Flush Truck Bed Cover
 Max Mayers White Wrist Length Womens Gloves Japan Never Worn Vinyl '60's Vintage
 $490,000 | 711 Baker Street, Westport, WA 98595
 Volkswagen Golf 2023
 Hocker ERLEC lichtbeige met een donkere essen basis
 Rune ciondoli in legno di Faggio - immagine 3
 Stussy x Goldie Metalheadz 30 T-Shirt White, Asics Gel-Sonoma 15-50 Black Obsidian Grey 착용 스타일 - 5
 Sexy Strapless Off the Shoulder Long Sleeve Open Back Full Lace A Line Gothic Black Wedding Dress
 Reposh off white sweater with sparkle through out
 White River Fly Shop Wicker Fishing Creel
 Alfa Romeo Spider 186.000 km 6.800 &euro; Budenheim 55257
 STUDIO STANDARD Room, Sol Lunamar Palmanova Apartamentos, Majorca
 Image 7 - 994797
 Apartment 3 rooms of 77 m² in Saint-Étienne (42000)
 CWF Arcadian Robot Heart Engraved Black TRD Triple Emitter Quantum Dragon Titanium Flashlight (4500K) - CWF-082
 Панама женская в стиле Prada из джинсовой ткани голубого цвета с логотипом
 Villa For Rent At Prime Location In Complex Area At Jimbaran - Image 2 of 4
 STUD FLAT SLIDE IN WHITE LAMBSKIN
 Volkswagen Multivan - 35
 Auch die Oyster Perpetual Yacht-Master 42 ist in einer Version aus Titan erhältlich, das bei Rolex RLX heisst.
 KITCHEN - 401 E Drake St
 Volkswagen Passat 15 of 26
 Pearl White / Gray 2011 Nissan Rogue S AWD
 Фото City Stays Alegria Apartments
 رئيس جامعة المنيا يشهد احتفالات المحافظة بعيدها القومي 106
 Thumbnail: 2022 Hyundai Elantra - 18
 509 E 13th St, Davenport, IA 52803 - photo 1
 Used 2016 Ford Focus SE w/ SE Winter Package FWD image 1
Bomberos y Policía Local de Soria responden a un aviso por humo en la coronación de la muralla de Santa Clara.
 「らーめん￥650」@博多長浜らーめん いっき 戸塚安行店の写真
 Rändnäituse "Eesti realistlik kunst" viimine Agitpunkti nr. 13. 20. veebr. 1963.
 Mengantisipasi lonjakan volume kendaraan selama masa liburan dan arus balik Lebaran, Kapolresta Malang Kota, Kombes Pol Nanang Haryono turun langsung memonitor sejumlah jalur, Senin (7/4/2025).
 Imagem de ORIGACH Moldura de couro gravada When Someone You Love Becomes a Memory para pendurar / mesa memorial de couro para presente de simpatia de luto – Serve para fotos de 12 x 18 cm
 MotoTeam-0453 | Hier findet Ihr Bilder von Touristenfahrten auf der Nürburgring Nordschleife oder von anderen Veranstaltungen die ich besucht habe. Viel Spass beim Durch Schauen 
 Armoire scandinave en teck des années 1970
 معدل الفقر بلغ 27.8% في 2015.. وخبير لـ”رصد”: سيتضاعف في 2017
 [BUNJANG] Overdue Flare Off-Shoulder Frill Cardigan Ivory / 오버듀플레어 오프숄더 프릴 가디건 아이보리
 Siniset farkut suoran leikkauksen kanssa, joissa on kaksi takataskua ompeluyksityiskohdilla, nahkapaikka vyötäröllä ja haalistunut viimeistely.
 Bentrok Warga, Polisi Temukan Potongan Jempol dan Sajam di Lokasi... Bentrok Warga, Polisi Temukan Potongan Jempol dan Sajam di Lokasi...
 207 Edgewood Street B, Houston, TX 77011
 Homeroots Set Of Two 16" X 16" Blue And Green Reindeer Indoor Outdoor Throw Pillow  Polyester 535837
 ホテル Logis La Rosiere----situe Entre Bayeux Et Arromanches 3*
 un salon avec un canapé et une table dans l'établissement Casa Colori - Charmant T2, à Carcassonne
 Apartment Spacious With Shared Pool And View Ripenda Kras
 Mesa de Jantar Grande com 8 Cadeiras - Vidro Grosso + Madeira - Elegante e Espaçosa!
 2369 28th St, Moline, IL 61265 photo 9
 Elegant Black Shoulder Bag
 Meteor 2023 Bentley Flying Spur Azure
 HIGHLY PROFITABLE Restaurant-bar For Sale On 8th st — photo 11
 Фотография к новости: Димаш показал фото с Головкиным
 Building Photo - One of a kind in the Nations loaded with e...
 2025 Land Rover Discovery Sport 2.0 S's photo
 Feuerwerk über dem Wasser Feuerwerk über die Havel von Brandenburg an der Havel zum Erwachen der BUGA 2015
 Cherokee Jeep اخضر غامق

◇ ◇ ◇ ◇

## EXERCISE DETAILS:
Search the listing above for the word "Volkswagen", and copy every line that has it.

## EXERCISE RESPONSE:
 Volkswagen Golf 2023
 Volkswagen Multivan - 35
 Volkswagen Passat 15 of 26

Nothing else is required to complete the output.